Ah, well, I thought. It was bound to happen at some point. We’d just arrived home and hadn’t even unpacked the car. We were in no rush, so I figured I’d deal with the flat the next day. My initial thought was just to call AAA and have them come by and swap out the flat for the spare.

When I woke up this morning, I had a different thought. The one disadvantage to not having the occasional flat tire is not getting the experience of changing a flat. My grandfather—who had been an auto mechanic most of his life—had taught me how to change a flat. But since I never had a flat tire, I never had the need to use that experience. Laying in bed this morning I thought: forget the Automobile club, I’ll do it myself.

I did it myself, the way my grandfather taught me. I jacked up the car just enough so that the tire was about to leave the ground. I loosened the nuts. Then I jacked up the car enough to remove the old tire, and replace it with the new one. It was easy, save one little mistake.
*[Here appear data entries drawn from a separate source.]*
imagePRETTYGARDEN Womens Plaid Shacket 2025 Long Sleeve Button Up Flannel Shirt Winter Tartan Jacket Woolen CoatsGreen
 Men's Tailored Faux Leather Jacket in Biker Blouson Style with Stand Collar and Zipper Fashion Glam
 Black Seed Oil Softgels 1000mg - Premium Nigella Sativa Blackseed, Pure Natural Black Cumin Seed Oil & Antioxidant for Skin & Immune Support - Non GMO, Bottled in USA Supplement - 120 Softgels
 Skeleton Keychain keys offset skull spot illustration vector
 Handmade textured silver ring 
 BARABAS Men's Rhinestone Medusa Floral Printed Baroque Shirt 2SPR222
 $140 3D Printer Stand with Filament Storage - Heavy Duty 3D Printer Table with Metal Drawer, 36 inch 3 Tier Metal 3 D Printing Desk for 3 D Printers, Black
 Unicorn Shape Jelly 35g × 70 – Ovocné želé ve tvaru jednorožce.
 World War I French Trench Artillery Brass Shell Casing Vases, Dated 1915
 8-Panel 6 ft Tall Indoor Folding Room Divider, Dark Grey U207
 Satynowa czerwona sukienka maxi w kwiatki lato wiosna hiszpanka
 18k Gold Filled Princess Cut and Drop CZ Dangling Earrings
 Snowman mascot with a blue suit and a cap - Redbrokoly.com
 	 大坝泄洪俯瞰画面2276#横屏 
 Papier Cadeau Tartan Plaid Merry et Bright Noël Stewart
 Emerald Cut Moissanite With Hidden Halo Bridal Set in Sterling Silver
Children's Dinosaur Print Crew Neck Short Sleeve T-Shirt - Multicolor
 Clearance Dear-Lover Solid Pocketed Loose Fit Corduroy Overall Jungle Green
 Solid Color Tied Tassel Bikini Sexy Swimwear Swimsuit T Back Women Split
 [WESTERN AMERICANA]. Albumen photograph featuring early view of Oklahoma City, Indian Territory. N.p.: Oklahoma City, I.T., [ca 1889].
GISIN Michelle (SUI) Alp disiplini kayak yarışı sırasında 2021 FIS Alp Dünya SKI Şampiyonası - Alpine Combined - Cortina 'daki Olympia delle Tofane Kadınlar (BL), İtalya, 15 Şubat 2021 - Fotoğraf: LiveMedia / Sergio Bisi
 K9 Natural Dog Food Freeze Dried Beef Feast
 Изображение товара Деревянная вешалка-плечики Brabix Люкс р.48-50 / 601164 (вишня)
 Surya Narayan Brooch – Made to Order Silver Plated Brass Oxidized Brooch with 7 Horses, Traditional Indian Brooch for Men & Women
I should have checked the air pressure in the spare before putting it on. It turned out that the spare tire, having never been used, and having been mounted on the car for years, needed air. After removing the spare, I tossed it into the back of the other car, drove to the local service station, and filled it with air, 44 PSI, as recommended on the tire. I got back, put the tire on car, tighten the bolts, lowered the car, and gave each bolt a final crank. And the spare has now successfully replaced the flat tire.

Fixed tire

The whole process, including driving to the local service station to put air in the spare tire, took under an hour. That might sound long, and perhaps it is, but I hadn’t changed a tire since my grandfather taught me how to do it as a teenager.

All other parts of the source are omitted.